WORK INSTRUCTIONS:
Find the line below with "tcl空調維修電話_lg空調維修電話_佛山新科空調維修電話" and the line with "Djibouti N° 0586 Neuf **". Output them and the lines between, exactly, but not the pictures.

DATA UNDER STUDY:
:::::
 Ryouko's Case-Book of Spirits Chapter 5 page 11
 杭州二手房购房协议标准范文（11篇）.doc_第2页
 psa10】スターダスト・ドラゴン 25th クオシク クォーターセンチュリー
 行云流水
:::::
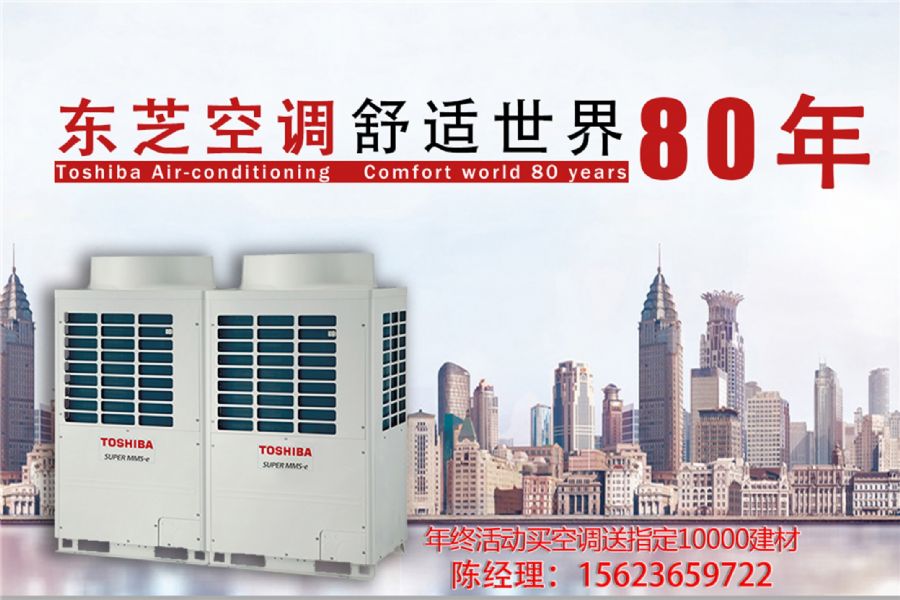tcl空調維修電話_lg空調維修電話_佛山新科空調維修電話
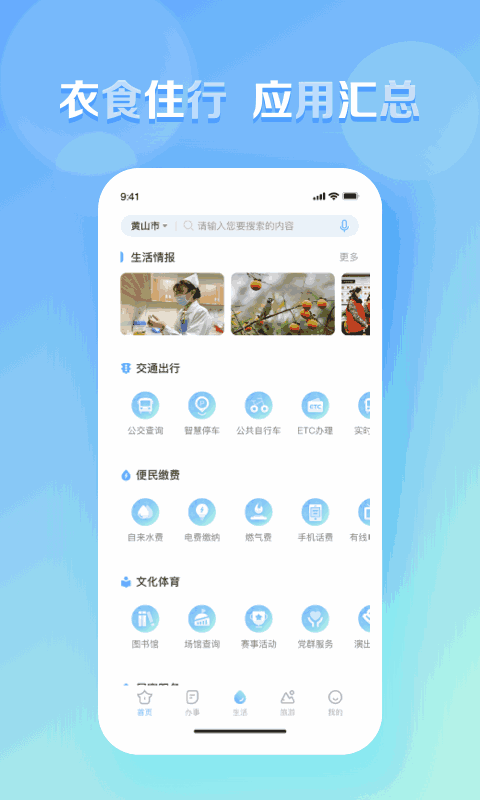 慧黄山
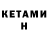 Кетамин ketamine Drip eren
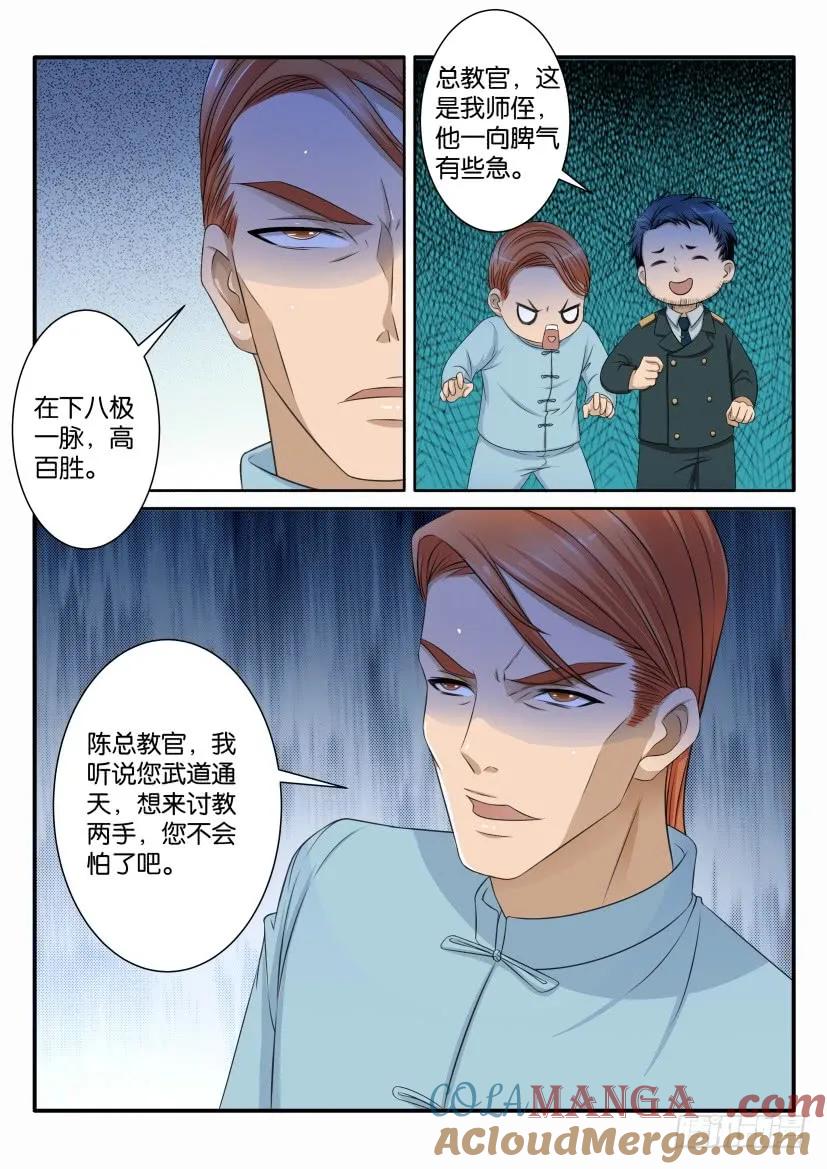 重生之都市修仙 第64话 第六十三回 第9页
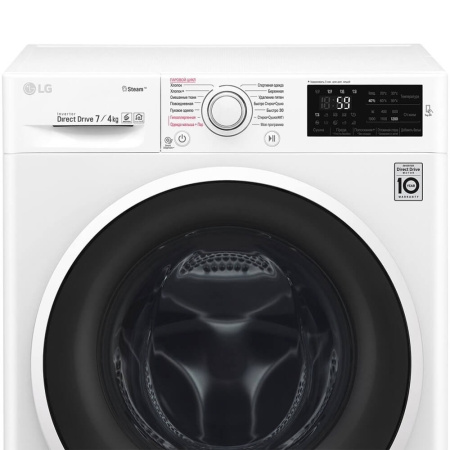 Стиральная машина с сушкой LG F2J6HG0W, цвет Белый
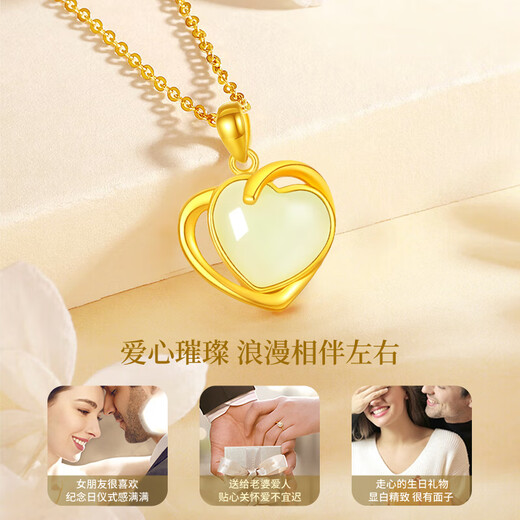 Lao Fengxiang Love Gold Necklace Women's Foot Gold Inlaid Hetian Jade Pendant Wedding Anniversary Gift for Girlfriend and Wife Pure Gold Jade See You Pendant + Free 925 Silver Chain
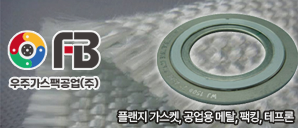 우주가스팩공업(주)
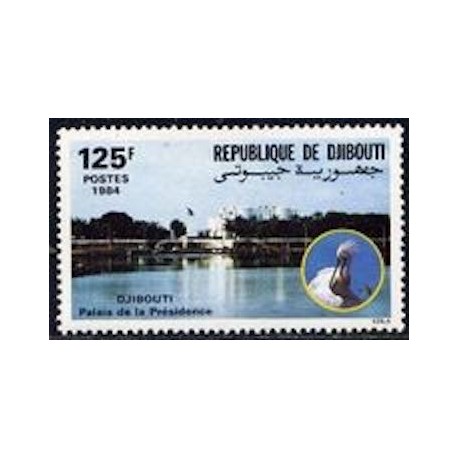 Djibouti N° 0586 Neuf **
:::::
RESULT FOR THIS TASK:
tcl空調維修電話_lg空調維修電話_佛山新科空調維修電話
 慧黄山
 Кетамин ketamine Drip eren
 重生之都市修仙 第64话 第六十三回 第9页
 Стиральная машина с сушкой LG F2J6HG0W, цвет Белый
 Lao Fengxiang Love Gold Necklace Women's Foot Gold Inlaid Hetian Jade Pendant Wedding Anniversary Gift for Girlfriend and Wife Pure Gold Jade See You Pendant + Free 925 Silver Chain
 우주가스팩공업(주)
 Djibouti N° 0586 Neuf **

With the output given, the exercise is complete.